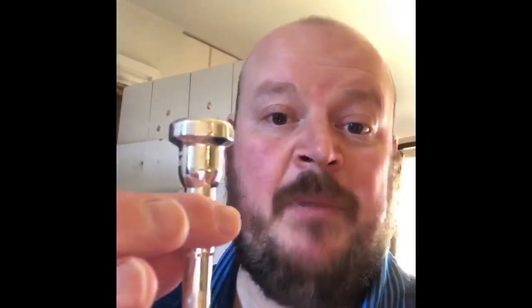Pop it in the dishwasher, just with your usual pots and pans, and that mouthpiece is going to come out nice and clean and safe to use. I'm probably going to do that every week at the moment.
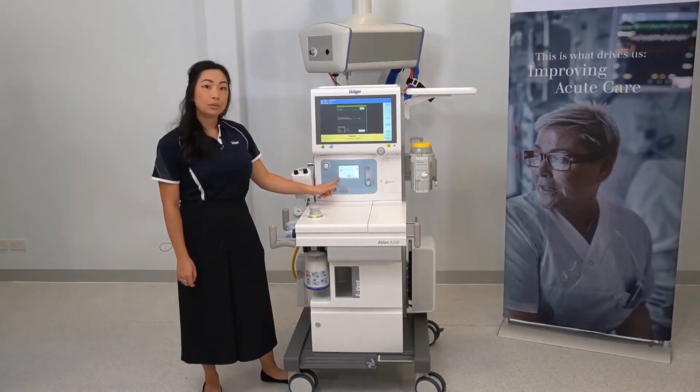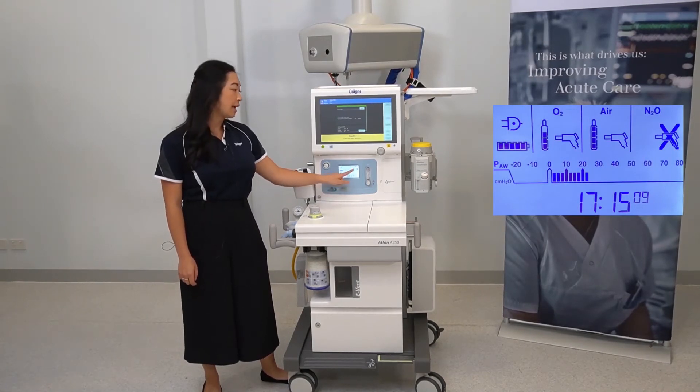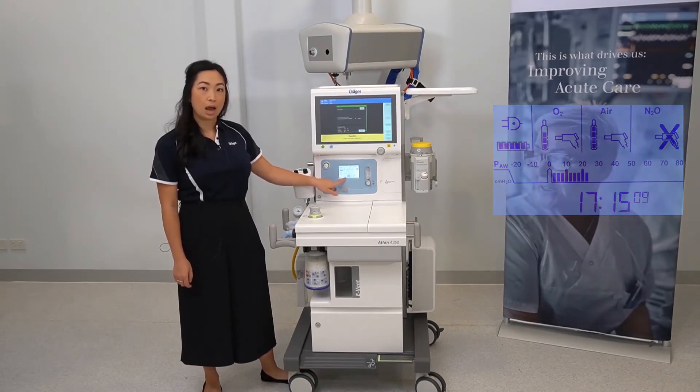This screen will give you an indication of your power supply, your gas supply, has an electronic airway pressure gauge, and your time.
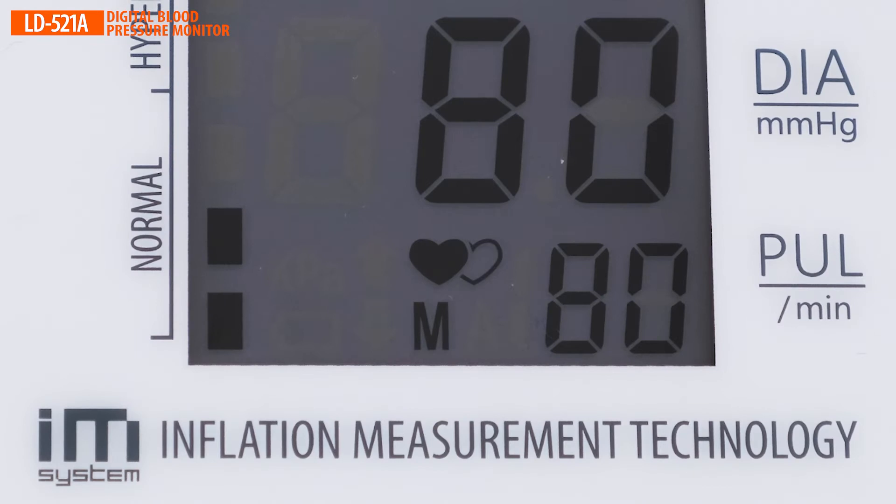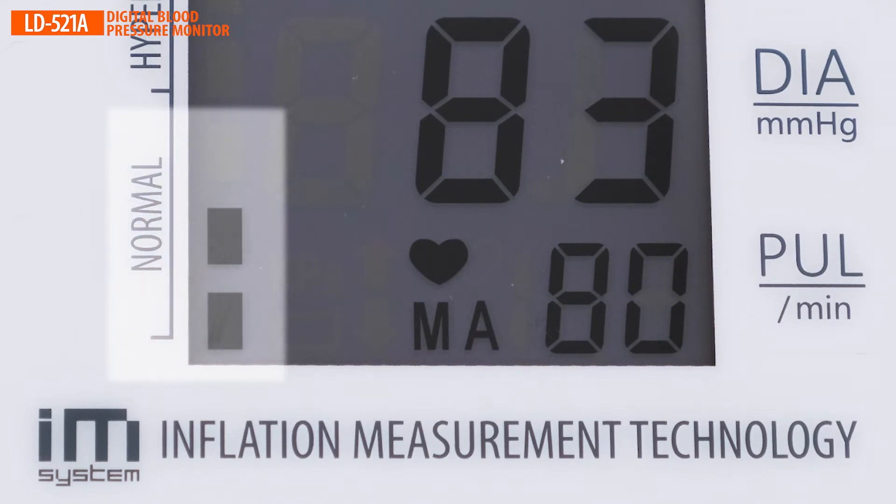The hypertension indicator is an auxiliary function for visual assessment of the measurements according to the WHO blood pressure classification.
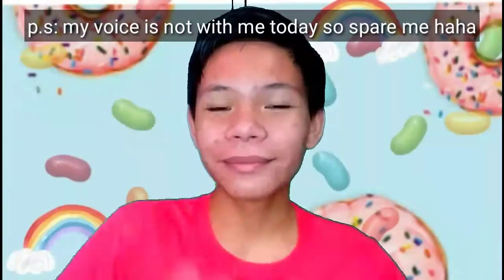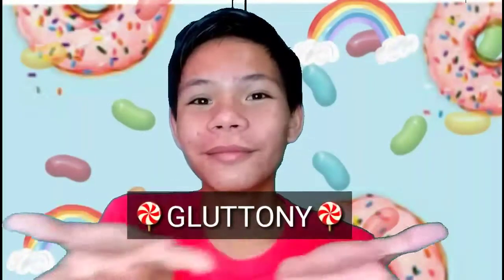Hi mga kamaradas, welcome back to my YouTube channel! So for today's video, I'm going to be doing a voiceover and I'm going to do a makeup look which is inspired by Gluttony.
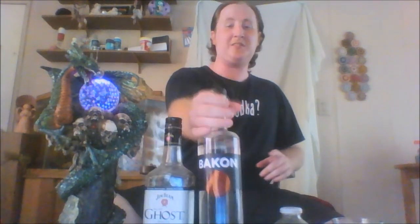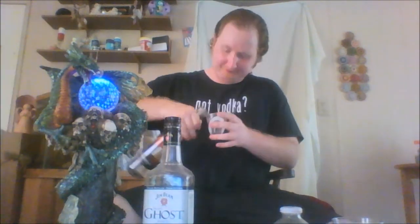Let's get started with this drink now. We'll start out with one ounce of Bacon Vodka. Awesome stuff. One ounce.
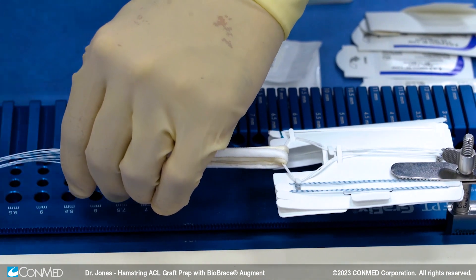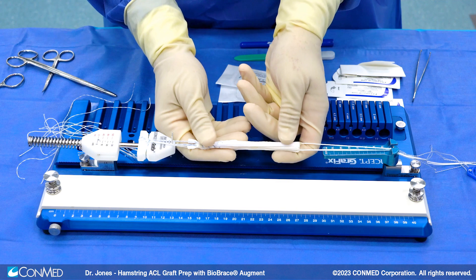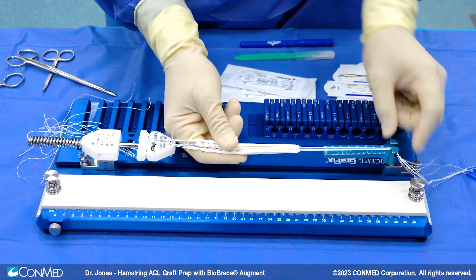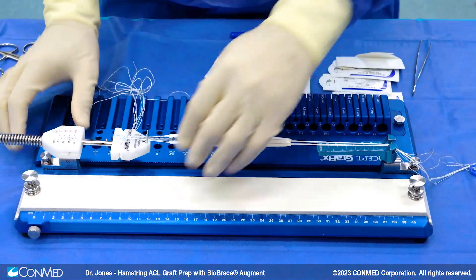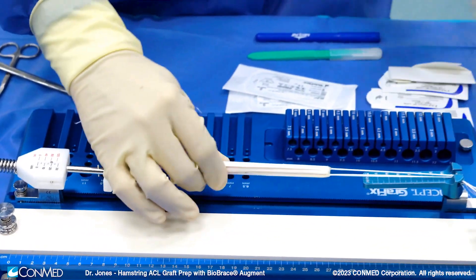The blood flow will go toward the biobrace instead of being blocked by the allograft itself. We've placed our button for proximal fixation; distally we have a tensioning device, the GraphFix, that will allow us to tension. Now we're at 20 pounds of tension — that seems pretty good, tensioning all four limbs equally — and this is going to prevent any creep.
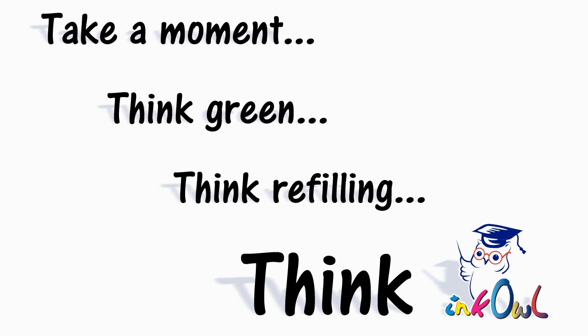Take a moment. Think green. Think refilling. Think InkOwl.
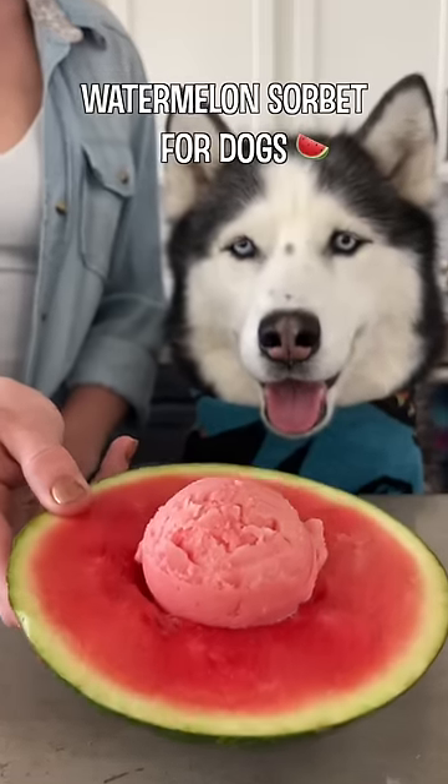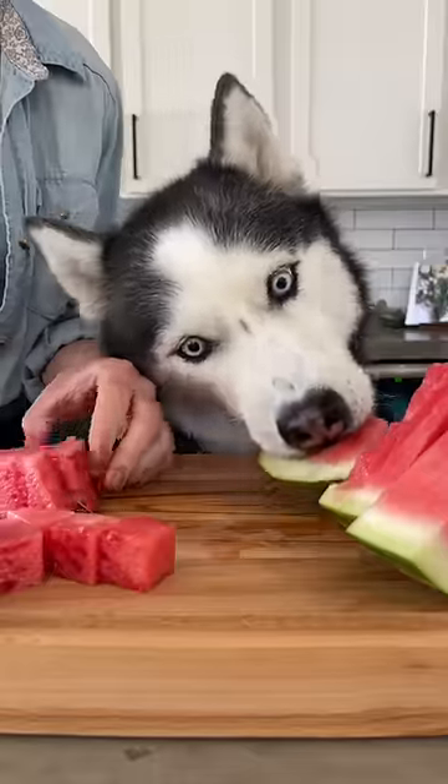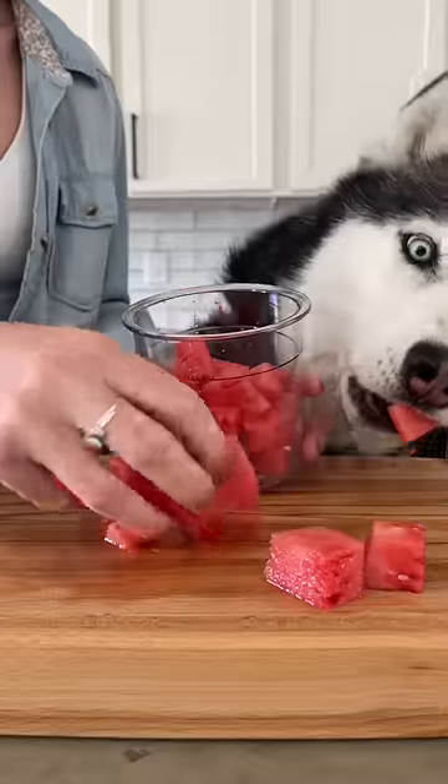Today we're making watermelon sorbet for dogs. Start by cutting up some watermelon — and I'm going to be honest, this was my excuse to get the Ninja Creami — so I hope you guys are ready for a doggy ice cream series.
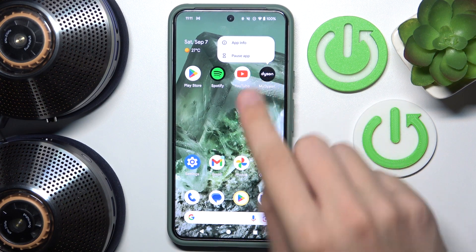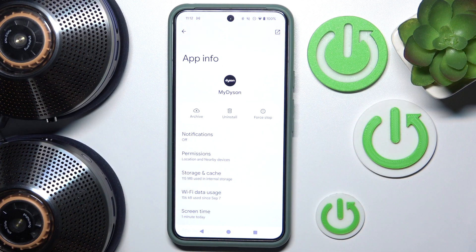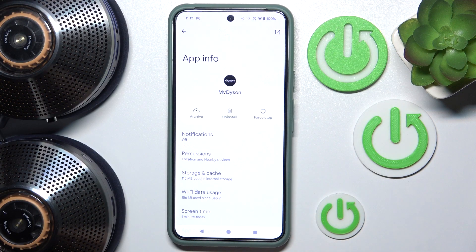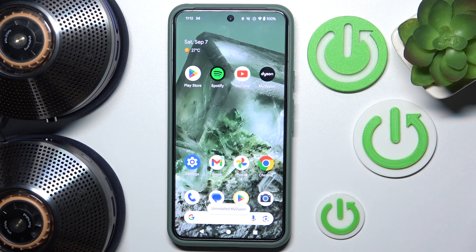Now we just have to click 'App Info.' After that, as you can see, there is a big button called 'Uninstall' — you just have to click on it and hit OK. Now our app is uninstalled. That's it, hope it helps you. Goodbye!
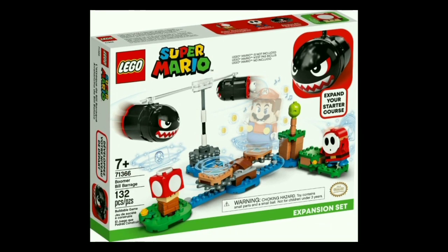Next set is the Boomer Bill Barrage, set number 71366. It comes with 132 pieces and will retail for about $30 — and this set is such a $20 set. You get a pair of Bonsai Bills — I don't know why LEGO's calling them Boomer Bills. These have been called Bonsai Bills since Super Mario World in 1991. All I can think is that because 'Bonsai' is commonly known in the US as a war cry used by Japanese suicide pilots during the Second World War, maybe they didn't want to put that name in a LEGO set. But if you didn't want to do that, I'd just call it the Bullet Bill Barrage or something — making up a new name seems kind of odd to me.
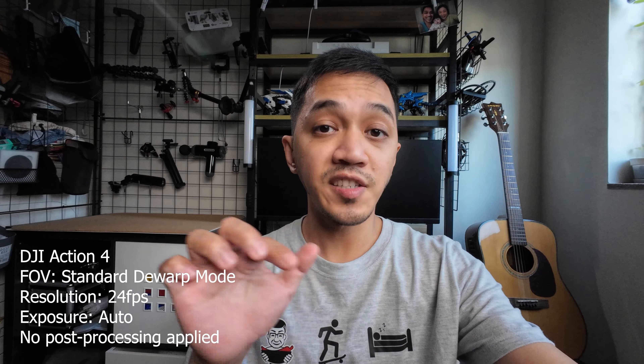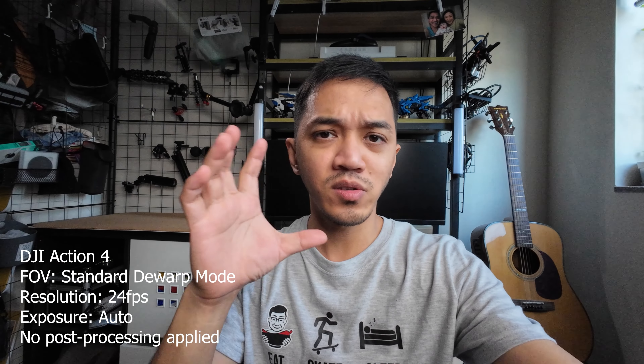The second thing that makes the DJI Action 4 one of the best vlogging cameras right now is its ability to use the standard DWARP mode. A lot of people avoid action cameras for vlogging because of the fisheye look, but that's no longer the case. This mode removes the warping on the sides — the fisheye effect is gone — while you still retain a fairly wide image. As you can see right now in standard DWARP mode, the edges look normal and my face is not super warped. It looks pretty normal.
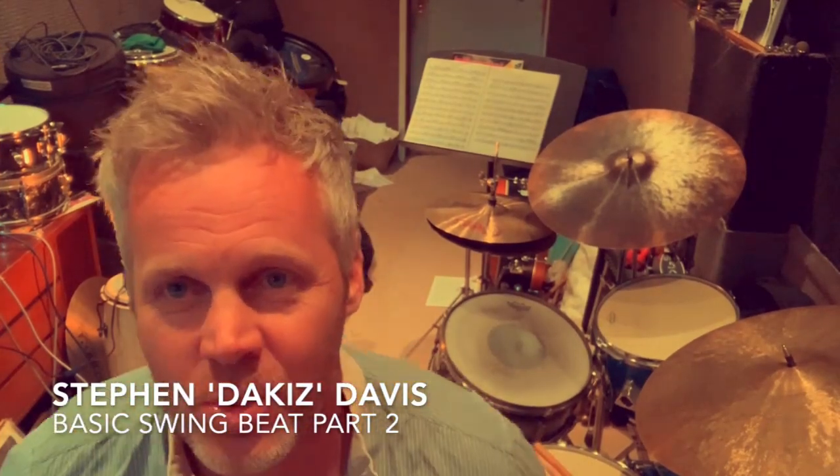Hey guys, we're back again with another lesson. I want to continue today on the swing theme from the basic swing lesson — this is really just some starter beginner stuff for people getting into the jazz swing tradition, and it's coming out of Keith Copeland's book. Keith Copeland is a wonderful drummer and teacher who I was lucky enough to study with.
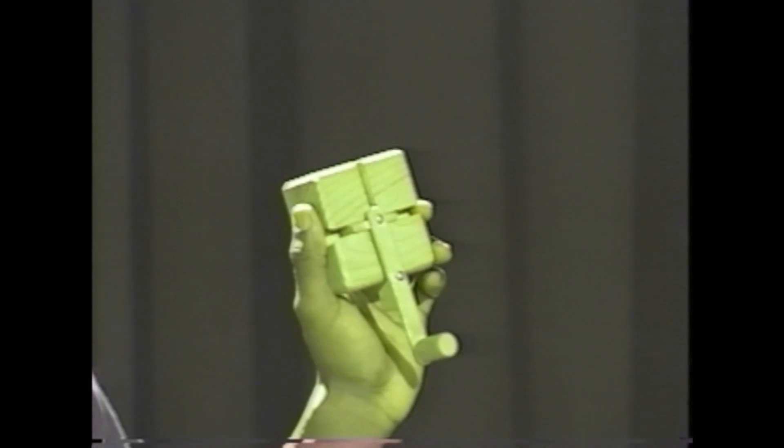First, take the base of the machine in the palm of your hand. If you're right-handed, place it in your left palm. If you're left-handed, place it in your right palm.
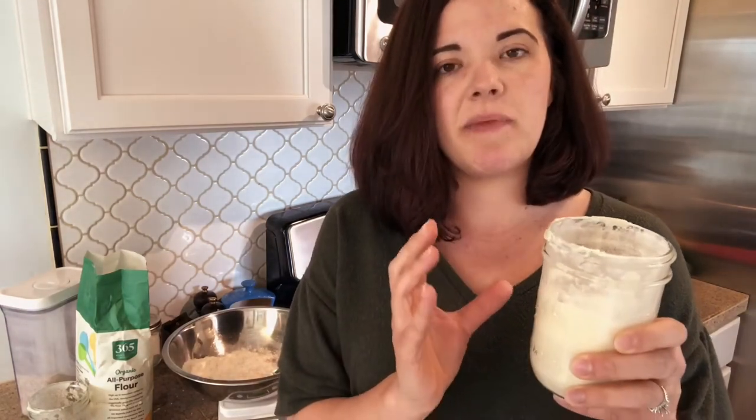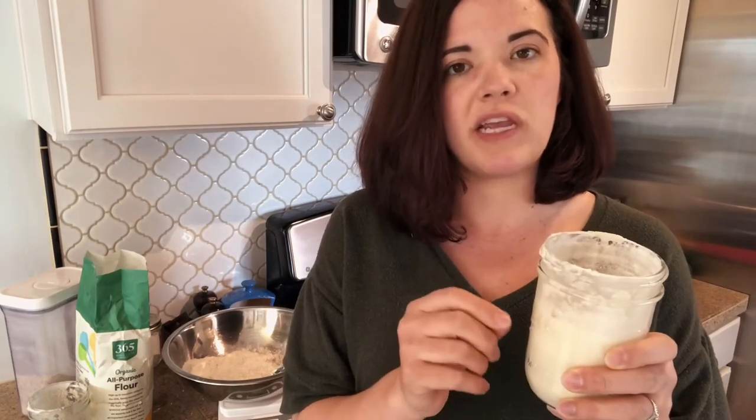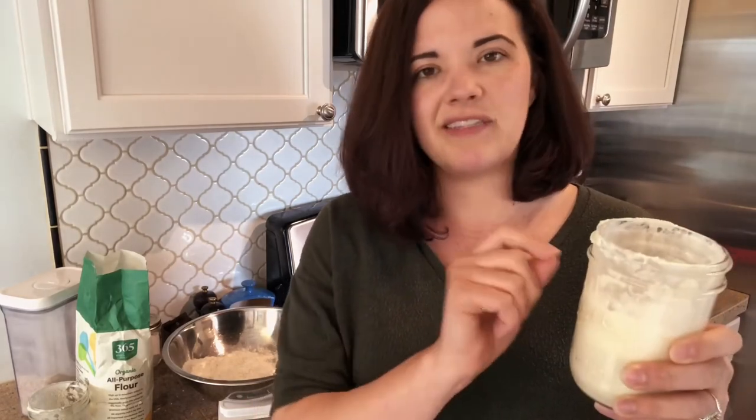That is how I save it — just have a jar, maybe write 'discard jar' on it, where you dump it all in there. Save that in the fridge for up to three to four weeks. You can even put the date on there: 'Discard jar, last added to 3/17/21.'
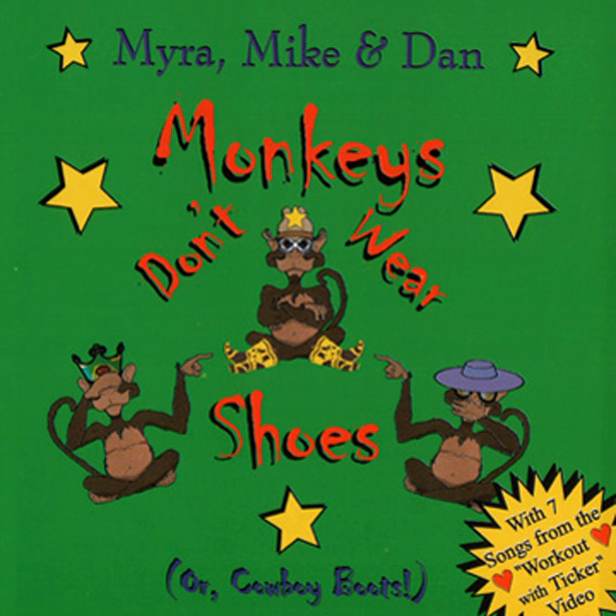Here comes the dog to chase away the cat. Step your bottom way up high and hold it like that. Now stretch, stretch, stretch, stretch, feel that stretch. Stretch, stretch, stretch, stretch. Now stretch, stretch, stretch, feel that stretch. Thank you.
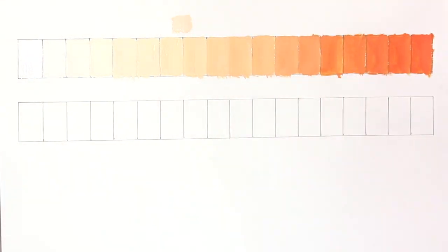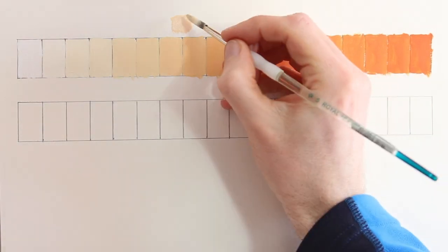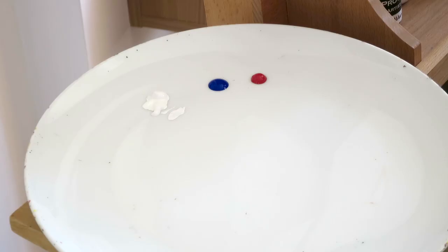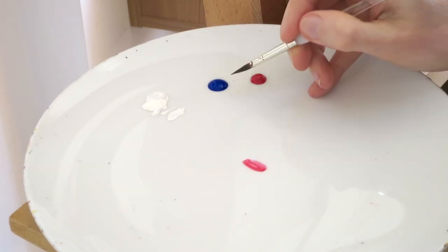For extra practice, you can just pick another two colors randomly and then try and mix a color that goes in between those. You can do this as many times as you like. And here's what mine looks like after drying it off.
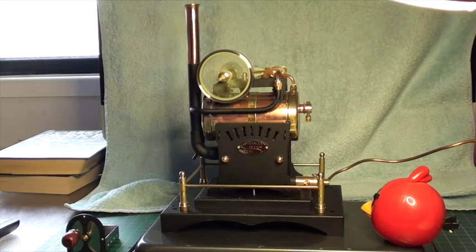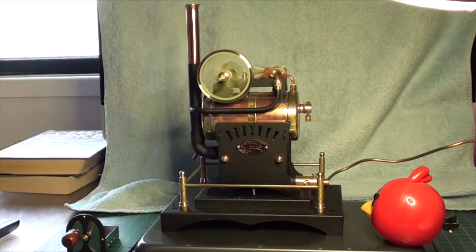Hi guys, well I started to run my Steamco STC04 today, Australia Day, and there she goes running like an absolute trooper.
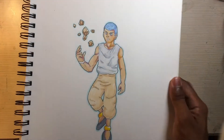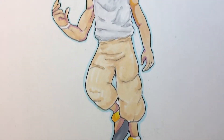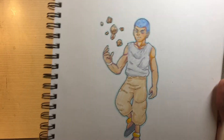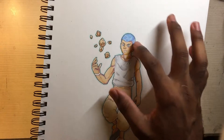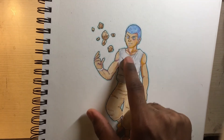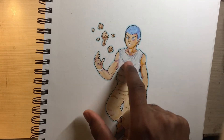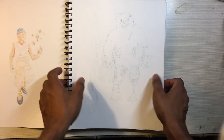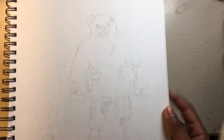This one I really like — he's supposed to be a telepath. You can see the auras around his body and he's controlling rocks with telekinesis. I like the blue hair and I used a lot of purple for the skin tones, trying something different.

--- --- ---

[EXERCISE OBJECTIVE] The records above must all be output exactly. Omit the images.

[TASK OUTPUT]
Pop it in the dishwasher, just with your usual pots and pans, and that mouthpiece is going to come out nice and clean and safe to use. I'm probably going to do that every week at the moment.
This screen will give you an indication of your power supply, your gas supply, has an electronic airway pressure gauge, and your time.
The hypertension indicator is an auxiliary function for visual assessment of the measurements according to the WHO blood pressure classification.
Hi mga kamaradas, welcome back to my YouTube channel! So for today's video, I'm going to be doing a voiceover and I'm going to do a makeup look which is inspired by Gluttony.
Let's get started with this drink now. We'll start out with one ounce of Bacon Vodka. Awesome stuff. One ounce.
The blood flow will go toward the biobrace instead of being blocked by the allograft itself. We've placed our button for proximal fixation; distally we have a tensioning device, the GraphFix, that will allow us to tension. Now we're at 20 pounds of tension — that seems pretty good, tensioning all four limbs equally — and this is going to prevent any creep.
Take a moment. Think green. Think refilling. Think InkOwl.
Today we're making watermelon sorbet for dogs. Start by cutting up some watermelon — and I'm going to be honest, this was my excuse to get the Ninja Creami — so I hope you guys are ready for a doggy ice cream series.
Now we just have to click 'App Info.' After that, as you can see, there is a big button called 'Uninstall' — you just have to click on it and hit OK. Now our app is uninstalled. That's it, hope it helps you. Goodbye!
Next set is the Boomer Bill Barrage, set number 71366. It comes with 132 pieces and will retail for about $30 — and this set is such a $20 set. You get a pair of Bonsai Bills — I don't know why LEGO's calling them Boomer Bills. These have been called Bonsai Bills since Super Mario World in 1991. All I can think is that because 'Bonsai' is commonly known in the US as a war cry used by Japanese suicide pilots during the Second World War, maybe they didn't want to put that name in a LEGO set. But if you didn't want to do that, I'd just call it the Bullet Bill Barrage or something — making up a new name seems kind of odd to me.
The second thing that makes the DJI Action 4 one of the best vlogging cameras right now is its ability to use the standard DWARP mode. A lot of people avoid action cameras for vlogging because of the fisheye look, but that's no longer the case. This mode removes the warping on the sides — the fisheye effect is gone — while you still retain a fairly wide image. As you can see right now in standard DWARP mode, the edges look normal and my face is not super warped. It looks pretty normal.
Hey guys, we're back again with another lesson. I want to continue today on the swing theme from the basic swing lesson — this is really just some starter beginner stuff for people getting into the jazz swing tradition, and it's coming out of Keith Copeland's book. Keith Copeland is a wonderful drummer and teacher who I was lucky enough to study with.
First, take the base of the machine in the palm of your hand. If you're right-handed, place it in your left palm. If you're left-handed, place it in your right palm.
That is how I save it — just have a jar, maybe write 'discard jar' on it, where you dump it all in there. Save that in the fridge for up to three to four weeks. You can even put the date on there: 'Discard jar, last added to 3/17/21.'
Here comes the dog to chase away the cat. Step your bottom way up high and hold it like that. Now stretch, stretch, stretch, stretch, feel that stretch. Stretch, stretch, stretch, stretch. Now stretch, stretch, stretch, feel that stretch. Thank you.
For extra practice, you can just pick another two colors randomly and then try and mix a color that goes in between those. You can do this as many times as you like. And here's what mine looks like after drying it off.
Hi guys, well I started to run my Steamco STC04 today, Australia Day, and there she goes running like an absolute trooper.
This one I really like — he's supposed to be a telepath. You can see the auras around his body and he's controlling rocks with telekinesis. I like the blue hair and I used a lot of purple for the skin tones, trying something different.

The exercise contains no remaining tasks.